Entitled: Splatter Scintillation
Fandom: Final Fantasy VII
Length: 2,700 words
Disclaimer: I do not own Final Fantasy VII and etc.
Notes: For Ali. I got lazy, so all ten prompts get to be squished together.


—ONE; cell

She has a good smile for the cameras. Open, friendly, and only a little stiff at the edges. She's a pretty girl. Pretty enough to keep Cloud silent for the rest of the day and it's, hey, did you know her? and a whispered, please, don't.

So he doesn't.

What he does to is get the girl's phone number, writes his in silly cursive numbers across her arm while she flushes, blushes, looks at the floor—hey, he can see the appeal. She isn't Aerith of course, no way, he's not the type of guy who'd go around blending girl's faces together for his own comforts, but she has her own sweet, naïve kind of charm.

Here you go, he tosses the number at Cloud's head. It bounces off and falls to the floor. Cloud looks down, and his brow puckers with his lips, his hands tighten, and his voice comes out pinched when, you shouldn't have done that.

Some people just need a little push. So he makes no promises. He can feel Cloud looking at his back, betrayed and accusing, and tells himself not to care. It's for the kid's own good. He needs to learn to seize the day.

Maybe he'll take Tifa out to lunch.


—TWO; deviate

She thinks of Cloud through caviar. She's never had it before. When she adds a little salt, the look on Zack's face is enough to make her snort into her water glass. It's horribly embarrassing. She rubs at her arm, over his number, written so big it'll be a wonder if the whole town doesn't up and call him.

Do you know a boy, she asks carefully, with spiky blond hair? He'd be about her age. She wasn't quite sure if Cloud was even alive anymore—if the stream of progressively terser letters came from him or some sadistic, twisted asshole of a cadet.

Oh, yeah, Zack says, with a shrug, don't worry about him.

Her shoulders relax. She adds more salt. Zack winces. Is he your boyfriend or something?

No, yes, not really, well, maybe a little, she wonders how old he is, if her skirt's too stupid, if her accent is too stupid, if she's too stupid, but then—why should she care? It's not as though she has to impress him. She sits a little straighter.

I have a sort-of girlfriend too, he says brightly. Instead of feeling uncomfortable, his admittance makes her relax—this isn't anything serious. She can eat lunch with a handsome young man with terrifying eyes and a dare-you smile. She's allowed. Maybe they can even be friends—she'd like that.

She gives him her number.
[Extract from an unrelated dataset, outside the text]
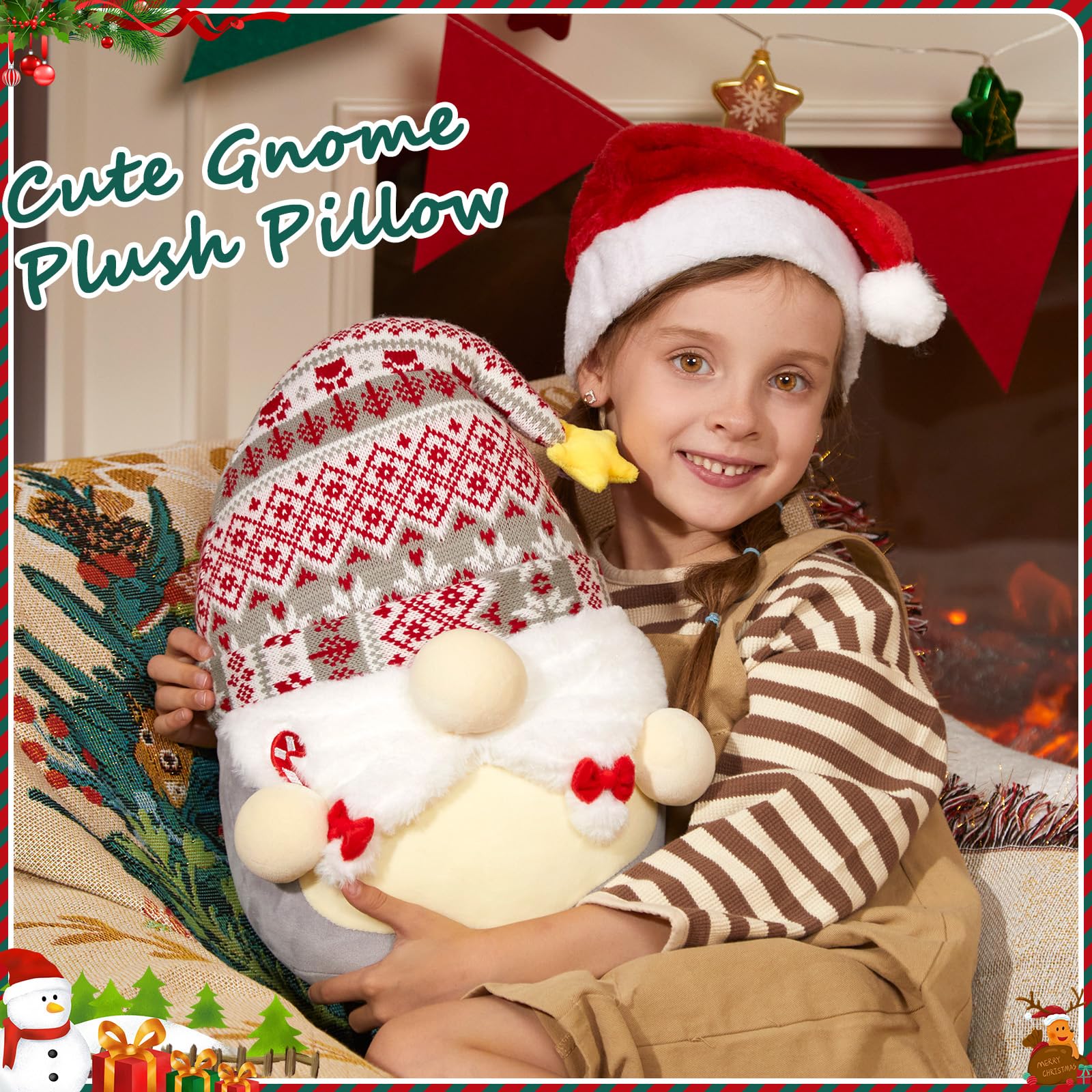 Foto 3 pulgar | Almohada De Felpa Wewill Christmas Gnome De 30 Cm Para Niños Pequeños - Venta Internacional.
She won't be losing his anytime soon, after all, and if he calls, if things don't work out—at least they'll have this.

He takes a bite off her plate and gags monstrously. She laughs herself sick.


—THREE; enclosed

She volunteers as a tour guide, and spends the rest of the day talking to Sephiroth, with Zack, and at the grunt-soldiers following them. For the first bit of the day, she's incapable of anything other than monosyllabic responses, too awed by Sephiroth's legendary presence to offer up any articulation.

Zack bounds up the mountain with excited, eager eyes, until she forgets her stoicism and finds herself pointing out stupid, completely unimportant bits of trivia. That's where Mr. and Mrs. Harris were married last week. There was a bee stuck in her veil, she had an allergy, and on top of crashing into her own wedding cake, her whole face swelled up.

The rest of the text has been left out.